Andando oltre i requisiti della normativa cogente (ad esempio MOCA, HACCP), l’azienda che sceglie di certificarsi ottiene molti vantaggi: tutela le materie prime e i prodotti finiti da manomissioni volontarie esterne (Food Defense), protegge il proprio marchio da frodi alimentari e contraffazioni (Food Fraud), accede a nuove quote di mercato su piazze di scambio internazionali, aumenta la fiducia del consumatore (Brand Equity) e, non da ultimo, supera le ispezioni obbligatorie con minor onere organizzativo e finanziario.
Certificazioni oltre alle norme: quali vantaggi
Agli occhi del Legislatore, superare l’iter di certificazione significa dimostrarsi proattivi nei confronti dei requisiti cogenti. Nel Reg. CE 625/2017 relativo ai controlli ufficiali, vi è uno specifico richiamo ai “regimi di qualità privata” quali indici di riferimento per l’esecuzione dei controlli ufficiali. Ciò significa che, in fase di ispezione da parte degli organi competenti, la certificazione volontaria concorre a dimostrare la conformità dell’operatore alla normativa in materia di sicurezza alimentare, senza ulteriori oneri.

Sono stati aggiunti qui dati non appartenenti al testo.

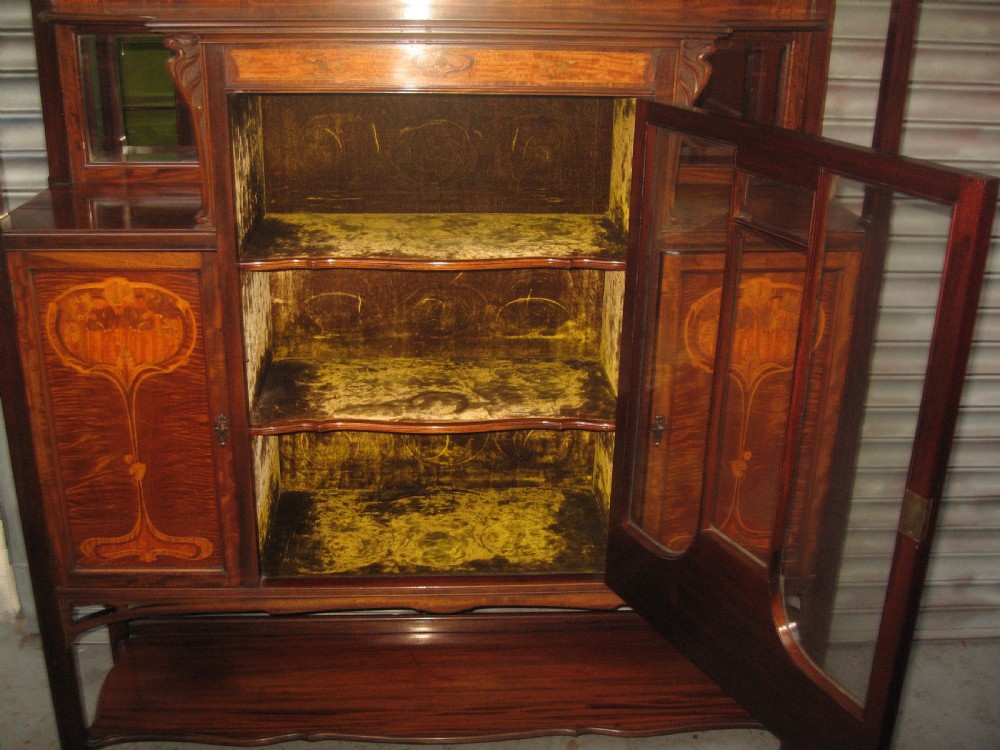 Large Art Nouveau period   Scottish display cabinet View VIII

Questo perché gli schemi di certificazione BRCGS, IFS e FSSC 22000 richiedono all’impresa della filiera agroalimentare di soddisfare requisiti molto più stringenti rispetto alla normativa cogente e quindi sono valutati come fattore di buona “due diligence” dell’operatore, anche nell’ambito di un’eventuale difesa di natura amministrativa o penale.
Oggi, certificarsi significa non solo poter accedere alla GDO e amplificare il volume delle vendite, ma anche stringere accordi con la Pubblica Amministrazione e altre istituzioni attente ai requisiti di Compliance aziendale, aumentando al contempo rating e credibilità aziendale. Senza dimenticare che, come riportato dall’Osservatorio Accredia, “nell’ultimo decennio le aziende con un sistema di gestione certificato hanno mostrato un livello di efficienza (misurata come rotazione del capitale investito) strutturalmente superiore alle non certificate”.